- WORK REQUIRED: Each line of the material must be reproduced exactly; pictures stay out.

------ INFORMATION PROVIDED ------

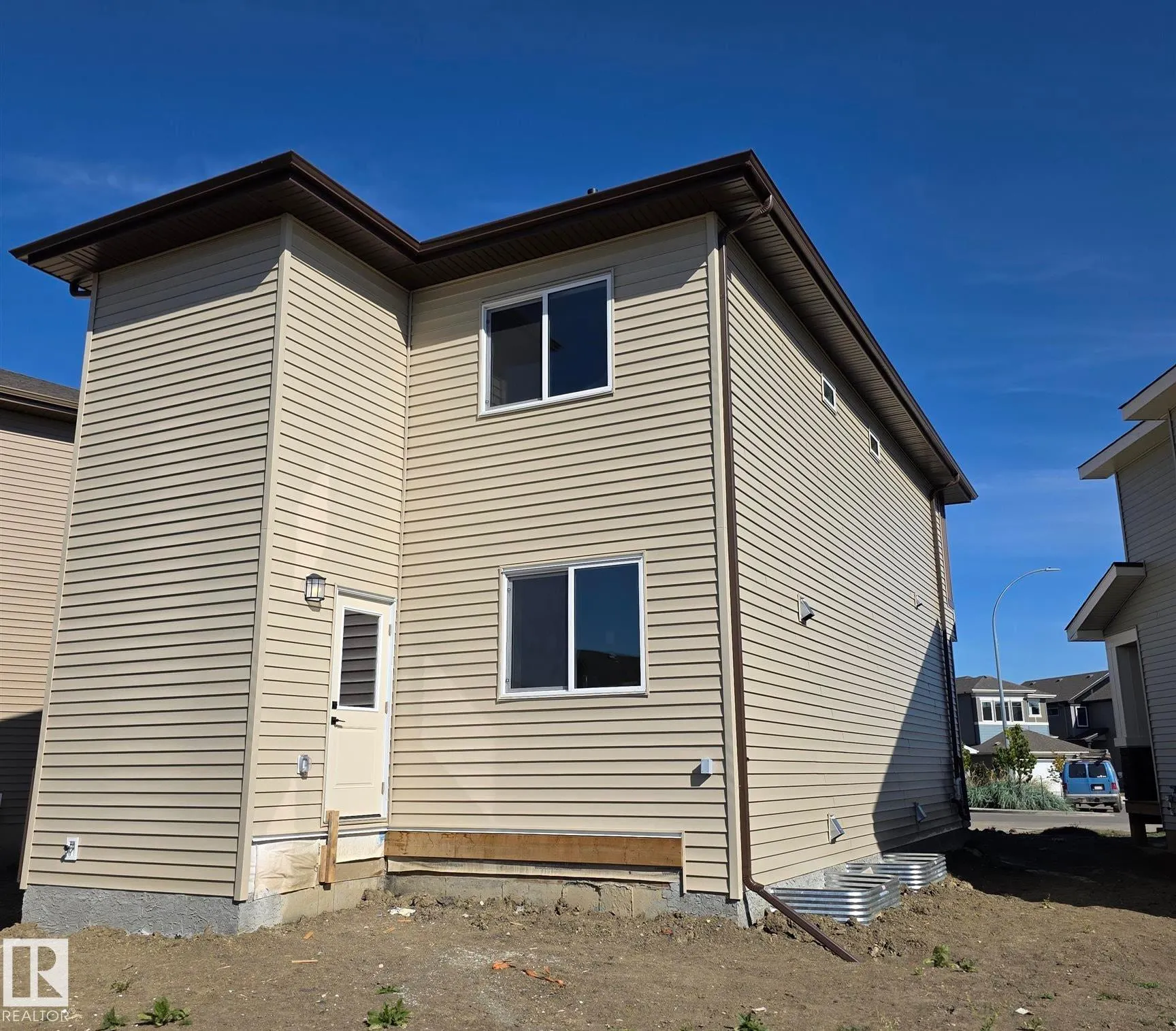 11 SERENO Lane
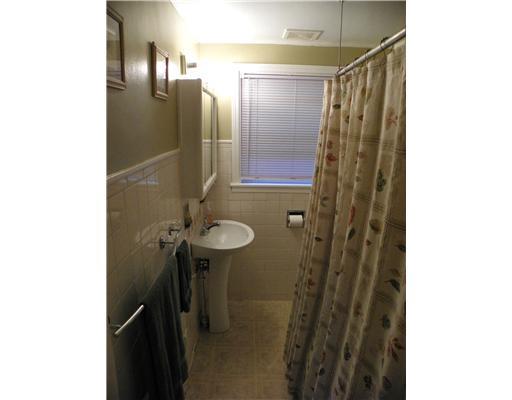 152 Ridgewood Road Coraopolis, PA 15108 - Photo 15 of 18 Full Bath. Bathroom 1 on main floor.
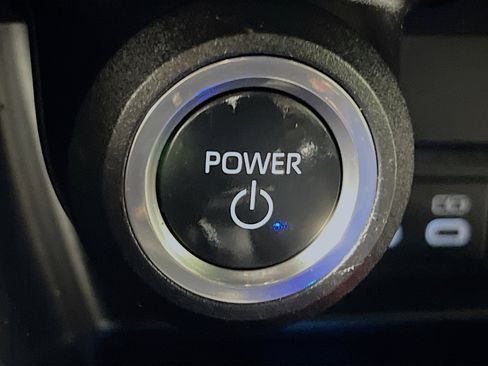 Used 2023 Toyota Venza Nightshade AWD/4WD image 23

------

- ANSWER TO THIS TASK:
 11 SERENO Lane
 152 Ridgewood Road Coraopolis, PA 15108 - Photo 15 of 18 Full Bath. Bathroom 1 on main floor.
 Used 2023 Toyota Venza Nightshade AWD/4WD image 23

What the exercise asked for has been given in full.